Solutions to Homelessness: Shelter First, Housing Earned
In last month’s newsletter, I asked what if everything we thought we knew about homelessness was wrong? I argued if that is the case, then many of the policies we’re pursuing are doomed to fail. That column had an overwhelming response, and one question kept coming: What are the solutions?
Before we get to the solutions, we have to go over some of the challenges we face.
One challenge is the federal court’s Boise decision. In 2019, the U.S. Ninth Circuit Court of Appeals – which covers Oregon – ruled that if a person cannot obtain shelter, then any ordinance that imposes criminal penalties for “sitting, sleeping, or lying outside on public property” violates the U.S. Constitution. Put simply, Boise declares that a city cannot ban overnight camping if there is no available shelter for the campers.

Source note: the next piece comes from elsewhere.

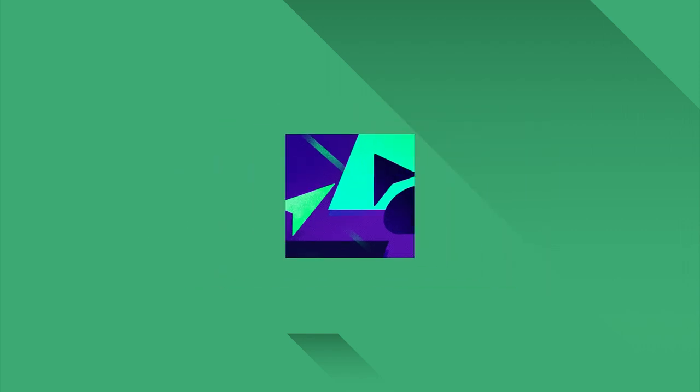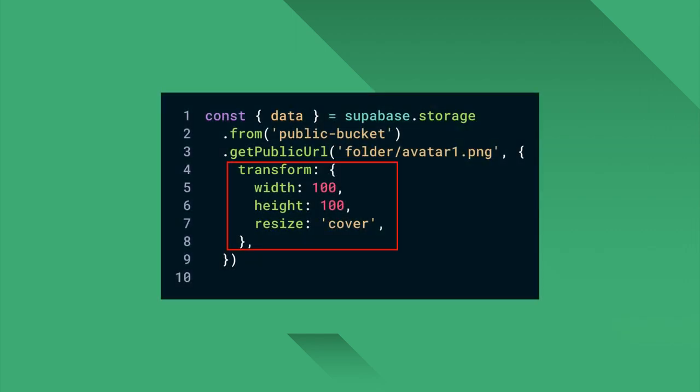With the image resize feature that Supabase Storage offers, you can request a resized version of your image on the fly. Just use the transform option on the Supabase client.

Another challenge is known as the Anderson Agreement. In 2005, the City of Portland and Multnomah County rolled out what they called a 10-year plan to end – yes, end – homelessness. In the middle of that 10-year plan, in 2009, Portland entered into a settlement agreement with several homeless individuals. The case began when four homeless individuals were told on several occasions to “move along” or be cited for violating the City of Portland’s anti-camping ordinance. The individuals filed a class action lawsuit against the city, claiming the city was violating their constitutional rights. Under the Anderson Agreement, the city is required to give illegal campers at least a day’s notice before breaking down and cleaning the camp. In reality, it can be months from the time a camp is reported to the date it is cleaned up.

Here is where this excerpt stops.